In 1936, when the Norris Dam was completed along Tennessee’s Clinch River, landowners in the century-old trade center of Loyston were relocated and the town submerged beneath the resulting lake. Neversink, New York, population two-thousand, was sacrificed to the waves of the Neversink Reservoir after the residents of New York City grew a little too dry in the mouth. When it was decided the right of a Boston Brahmin to flip his tap handle and fill his glass trumped those of plebeians living in Dana, Enfield, Greenwich, and Prescott, Massachusetts, the four towns disappeared beneath the Quabbin Reservoir. And upon completion of the Saville Dam along a branch of the Farmington River in 1940, the crossroads village of Barkhamsted Hollow, Connecticut — farmhouses, church, and cemetery — vanished underwater so that the citizens of Hartford might wet their lips.

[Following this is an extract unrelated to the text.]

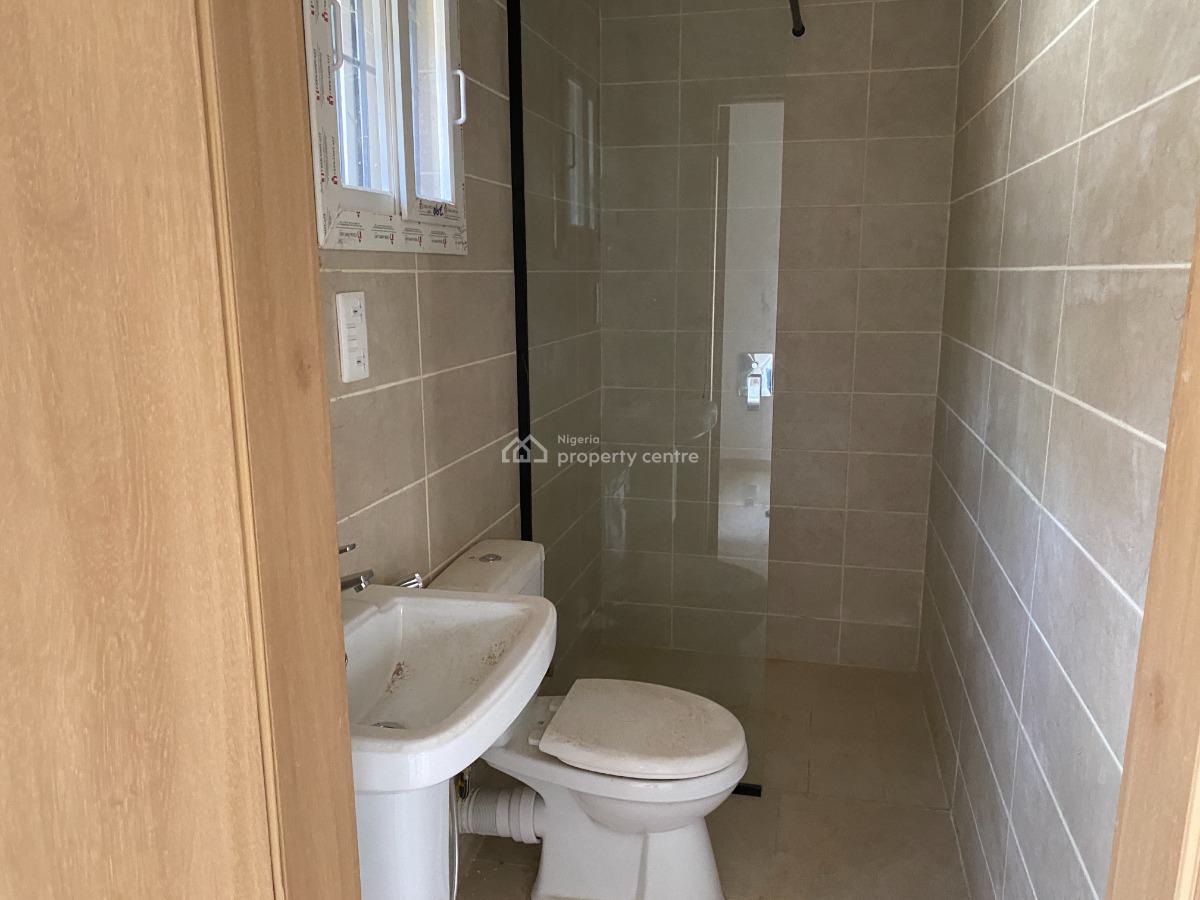 3 Bedrooms, Life Camp, Abuja, Flat / Apartment for Rent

I was a little shocked when Andy Cox accepted “Fishers;” it is a very American story and when I sent it I wasn’t sure the historical background would translate. But I suppose I don’t have to know the intricacies of lines of royal succession or the industrialization of Greater Manchester to enjoy M.R. James, Robert Aickman, or Susanna Clarke (to name the three most recent authors I’ve read), so perhaps the width of the Atlantic isn’t as great as I sometimes imagine.
On these western shores you can find Black Static at Barnes & Noble — though often a month or two after the magazine’s cover date.